3

In our project we have multiple databases and we use alembic for migration.

I know that alembic is supposed to be used only for database structure migration, but we also use it for data migration as it's convenient to have all database migration code in one place.

My problem is that alembic works on one database at a time. So if I have databases DB1 and DB2, alembic will first run all migrations for DB1 and after that all migrations for DB2.

The problems start when we migrate data between databases.
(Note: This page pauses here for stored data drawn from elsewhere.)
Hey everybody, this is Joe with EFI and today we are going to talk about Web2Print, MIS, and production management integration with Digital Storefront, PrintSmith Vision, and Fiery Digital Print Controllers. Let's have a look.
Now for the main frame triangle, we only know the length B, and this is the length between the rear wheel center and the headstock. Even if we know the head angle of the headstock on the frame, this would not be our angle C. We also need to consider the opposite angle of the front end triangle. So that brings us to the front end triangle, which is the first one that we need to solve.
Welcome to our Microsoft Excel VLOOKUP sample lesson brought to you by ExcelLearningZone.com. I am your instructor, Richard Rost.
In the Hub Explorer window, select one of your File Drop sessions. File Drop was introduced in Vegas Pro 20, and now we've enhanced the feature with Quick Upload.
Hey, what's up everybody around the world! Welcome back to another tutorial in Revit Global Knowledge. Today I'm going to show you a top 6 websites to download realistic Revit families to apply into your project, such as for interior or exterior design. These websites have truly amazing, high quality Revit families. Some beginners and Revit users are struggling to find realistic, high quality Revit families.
Say, if in I'm in revision N of DB1 try to access data in DB2, the migration can fail because DB2 can be on revision zero or N-X.
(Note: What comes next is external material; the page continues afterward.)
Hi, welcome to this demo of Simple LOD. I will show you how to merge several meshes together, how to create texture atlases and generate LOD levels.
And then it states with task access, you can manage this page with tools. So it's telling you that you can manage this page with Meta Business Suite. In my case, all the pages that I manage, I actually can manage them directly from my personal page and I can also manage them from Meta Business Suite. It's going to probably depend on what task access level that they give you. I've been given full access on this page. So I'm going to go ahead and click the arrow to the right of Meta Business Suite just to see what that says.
Question: is it possible to run alembic migrations one by one for all databases instead of running all migrations for DB1 and then running all for DB2?

My current env.py migration function:

def run_migrations_online():
    """
    for the direct-to-DB use case, start a transaction on all
    engines, then run all migrations, then commit all transactions.
    """

    engines = {}
    for name in re.split(r',\s*', db_names):
        engines[name] = rec = {}

        cfg = context.config.get_section(name)
        if not 'sqlalchemy.url' in cfg:
            cfg['sqlalchemy.url'] = build_url(name)

        rec['engine'] = engine_from_config(
            cfg,
            prefix='sqlalchemy.',
            poolclass=pool.NullPool)

    for name, rec in engines.items():
        engine = rec['engine']
        rec['connection'] = conn = engine.connect()
        rec['transaction'] = conn.begin()

    try:
        for name, rec in engines.items():
            logger.info("Migrating database %s" % name)
            context.configure(
                connection=rec['connection'],
                upgrade_token="%s_upgrades" % name,
                downgrade_token="%s_downgrades" % name,
                target_metadata=target_metadata.get(name))
            context.run_migrations(engine_name=name)

        for rec in engines.values():
            rec['transaction'].commit()
    except:
        for rec in engines.values():
            rec['transaction'].rollback()
        raise
    finally:
        for rec in engines.values():
            rec['connection'].close()
Minras
  • 4,136
  • 4
  • 18
  • 18
  • When you say migrating data do you mean moving data about in say columns or do you mean copying data from db1 to db2? – Ciaran Liedeman Sep 10 '15 at 14:26
  • @Anarci, moving data within the database is not a problem as all tables/columns in the database are on the same revision. The problem is indeed moving data between databases, as when I'm doing something in DB1 with revision N, the revision of DB2 is unknown. – Minras Sep 11 '15 at 15:07
  • Not sure about what you mean by **run migrations one by one for all databases** , for migrating different versions of schema to different databases, you can write your own script and run migration programmatically, [my answer in this SO thread](https://stackoverflow.com/a/69925218/9853105) has an example, hope that helps – Ham Nov 11 '21 at 08:36

1 Answers1

1

While I haven't tested this myself, I have been reading https://alembic.sqlalchemy.org/en/latest/api/script.html

It seems feasible that you could use ScriptDirectory to iterate through all the revisions, check if each db needs to apply that revision, and then rather than context.run_migrations you could manually call command.upgrade(config, revision) to apply that one revision.

Tonechas
  • 13,398
  • 16
  • 46
  • 80
karina
  • 805
  • 5
  • 10